**DATA EXCERPTS:**
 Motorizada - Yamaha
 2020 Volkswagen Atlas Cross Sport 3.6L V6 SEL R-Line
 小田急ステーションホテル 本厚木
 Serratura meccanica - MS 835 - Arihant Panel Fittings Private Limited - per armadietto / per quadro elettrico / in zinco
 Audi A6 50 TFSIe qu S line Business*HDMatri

---

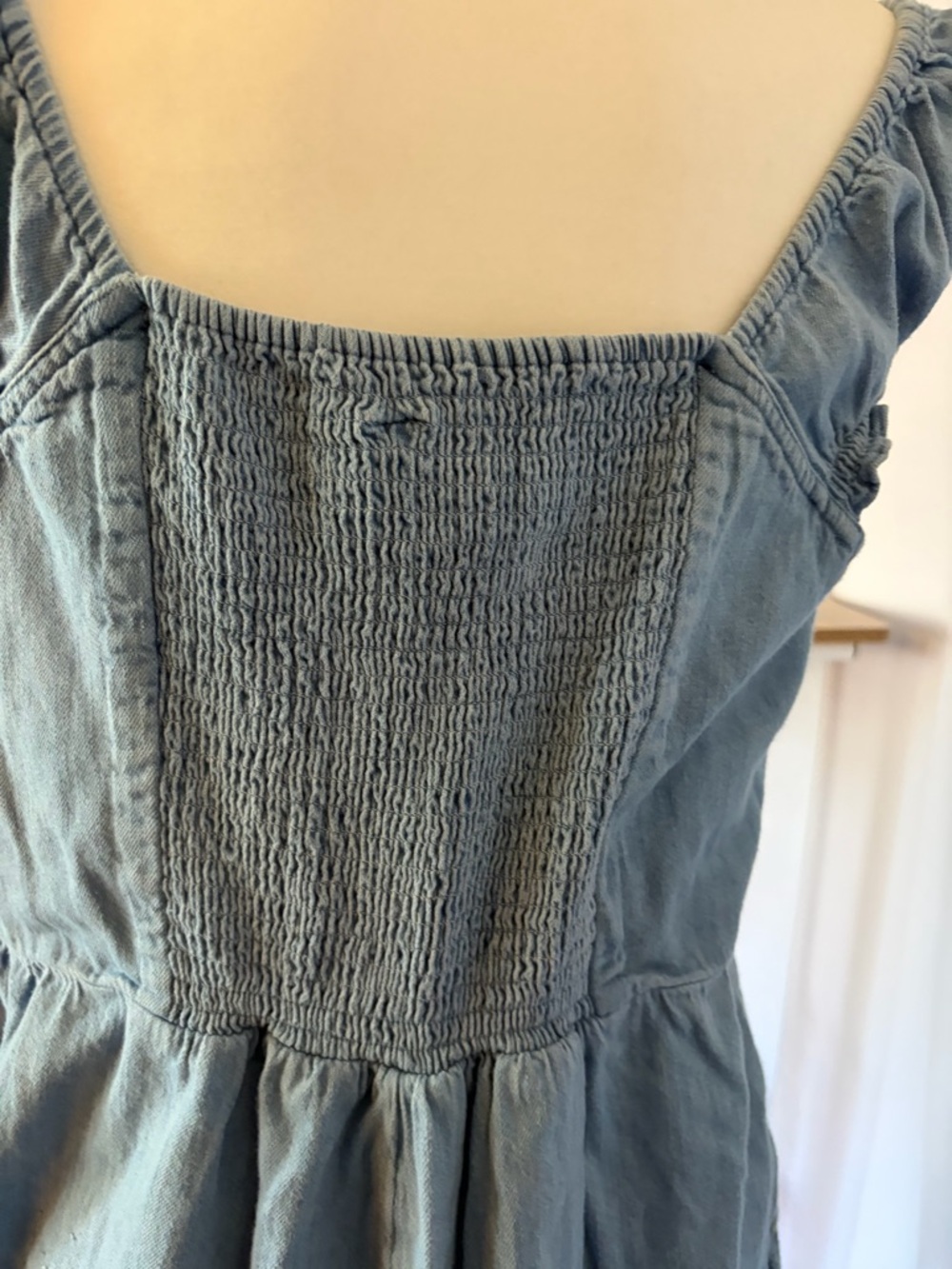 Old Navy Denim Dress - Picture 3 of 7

**DESCRIPTION OF THE TASK:** From the entries above, give again exactly the lines running from the line with "Motorizada - Yamaha" to the line with "Audi A6 50 TFSIe qu S line Business*HDMatri"; include both of those lines.

**YOUR RESPONSE:**
 Motorizada - Yamaha
 2020 Volkswagen Atlas Cross Sport 3.6L V6 SEL R-Line
 小田急ステーションホテル 本厚木
 Serratura meccanica - MS 835 - Arihant Panel Fittings Private Limited - per armadietto / per quadro elettrico / in zinco
 Audi A6 50 TFSIe qu S line Business*HDMatri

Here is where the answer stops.